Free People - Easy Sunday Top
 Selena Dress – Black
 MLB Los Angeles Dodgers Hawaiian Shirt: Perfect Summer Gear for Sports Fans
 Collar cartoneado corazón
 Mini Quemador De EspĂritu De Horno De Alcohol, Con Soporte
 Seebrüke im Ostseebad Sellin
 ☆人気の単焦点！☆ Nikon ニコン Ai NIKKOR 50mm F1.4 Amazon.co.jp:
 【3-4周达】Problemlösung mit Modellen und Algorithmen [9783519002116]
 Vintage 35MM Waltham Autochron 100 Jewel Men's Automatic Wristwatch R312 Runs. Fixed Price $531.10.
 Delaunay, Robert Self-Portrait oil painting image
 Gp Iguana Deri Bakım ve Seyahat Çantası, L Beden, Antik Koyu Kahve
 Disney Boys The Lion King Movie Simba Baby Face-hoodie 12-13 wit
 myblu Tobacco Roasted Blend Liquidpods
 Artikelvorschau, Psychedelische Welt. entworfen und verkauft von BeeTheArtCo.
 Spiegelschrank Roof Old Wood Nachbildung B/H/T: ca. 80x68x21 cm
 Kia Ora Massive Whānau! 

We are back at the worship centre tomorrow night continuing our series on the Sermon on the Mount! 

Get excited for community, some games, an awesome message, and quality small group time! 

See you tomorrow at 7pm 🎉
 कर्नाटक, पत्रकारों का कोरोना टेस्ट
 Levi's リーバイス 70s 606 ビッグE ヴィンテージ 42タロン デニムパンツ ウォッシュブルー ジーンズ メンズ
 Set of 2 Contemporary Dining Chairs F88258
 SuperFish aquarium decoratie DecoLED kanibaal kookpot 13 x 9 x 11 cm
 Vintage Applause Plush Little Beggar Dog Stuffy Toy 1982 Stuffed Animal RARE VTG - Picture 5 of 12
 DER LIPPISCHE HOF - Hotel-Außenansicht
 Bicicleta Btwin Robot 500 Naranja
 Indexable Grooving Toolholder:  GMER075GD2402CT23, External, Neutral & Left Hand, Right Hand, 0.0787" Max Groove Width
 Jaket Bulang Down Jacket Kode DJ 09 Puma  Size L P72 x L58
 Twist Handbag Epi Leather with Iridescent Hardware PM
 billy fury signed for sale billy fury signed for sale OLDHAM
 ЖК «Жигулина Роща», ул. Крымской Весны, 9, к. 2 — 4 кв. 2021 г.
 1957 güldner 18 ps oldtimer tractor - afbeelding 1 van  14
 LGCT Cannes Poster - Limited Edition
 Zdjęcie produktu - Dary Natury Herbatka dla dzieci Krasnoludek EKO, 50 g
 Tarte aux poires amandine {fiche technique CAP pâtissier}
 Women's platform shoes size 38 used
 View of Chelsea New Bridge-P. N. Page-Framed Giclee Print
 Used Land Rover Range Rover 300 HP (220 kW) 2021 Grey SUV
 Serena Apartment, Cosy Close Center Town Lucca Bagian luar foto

Exercise:
Your reply should consist of the records, copied exactly.

Expected output:
Free People - Easy Sunday Top
 Selena Dress – Black
 MLB Los Angeles Dodgers Hawaiian Shirt: Perfect Summer Gear for Sports Fans
 Collar cartoneado corazón
 Mini Quemador De EspĂritu De Horno De Alcohol, Con Soporte
 Seebrüke im Ostseebad Sellin
 ☆人気の単焦点！☆ Nikon ニコン Ai NIKKOR 50mm F1.4 Amazon.co.jp:
 【3-4周达】Problemlösung mit Modellen und Algorithmen [9783519002116]
 Vintage 35MM Waltham Autochron 100 Jewel Men's Automatic Wristwatch R312 Runs. Fixed Price $531.10.
 Delaunay, Robert Self-Portrait oil painting image
 Gp Iguana Deri Bakım ve Seyahat Çantası, L Beden, Antik Koyu Kahve
 Disney Boys The Lion King Movie Simba Baby Face-hoodie 12-13 wit
 myblu Tobacco Roasted Blend Liquidpods
 Artikelvorschau, Psychedelische Welt. entworfen und verkauft von BeeTheArtCo.
 Spiegelschrank Roof Old Wood Nachbildung B/H/T: ca. 80x68x21 cm
 Kia Ora Massive Whānau! 

We are back at the worship centre tomorrow night continuing our series on the Sermon on the Mount! 

Get excited for community, some games, an awesome message, and quality small group time! 

See you tomorrow at 7pm 🎉
 कर्नाटक, पत्रकारों का कोरोना टेस्ट
 Levi's リーバイス 70s 606 ビッグE ヴィンテージ 42タロン デニムパンツ ウォッシュブルー ジーンズ メンズ
 Set of 2 Contemporary Dining Chairs F88258
 SuperFish aquarium decoratie DecoLED kanibaal kookpot 13 x 9 x 11 cm
 Vintage Applause Plush Little Beggar Dog Stuffy Toy 1982 Stuffed Animal RARE VTG - Picture 5 of 12
 DER LIPPISCHE HOF - Hotel-Außenansicht
 Bicicleta Btwin Robot 500 Naranja
 Indexable Grooving Toolholder:  GMER075GD2402CT23, External, Neutral & Left Hand, Right Hand, 0.0787" Max Groove Width
 Jaket Bulang Down Jacket Kode DJ 09 Puma  Size L P72 x L58
 Twist Handbag Epi Leather with Iridescent Hardware PM
 billy fury signed for sale billy fury signed for sale OLDHAM
 ЖК «Жигулина Роща», ул. Крымской Весны, 9, к. 2 — 4 кв. 2021 г.
 1957 güldner 18 ps oldtimer tractor - afbeelding 1 van  14
 LGCT Cannes Poster - Limited Edition
 Zdjęcie produktu - Dary Natury Herbatka dla dzieci Krasnoludek EKO, 50 g
 Tarte aux poires amandine {fiche technique CAP pâtissier}
 Women's platform shoes size 38 used
 View of Chelsea New Bridge-P. N. Page-Framed Giclee Print
 Used Land Rover Range Rover 300 HP (220 kW) 2021 Grey SUV
 Serena Apartment, Cosy Close Center Town Lucca Bagian luar foto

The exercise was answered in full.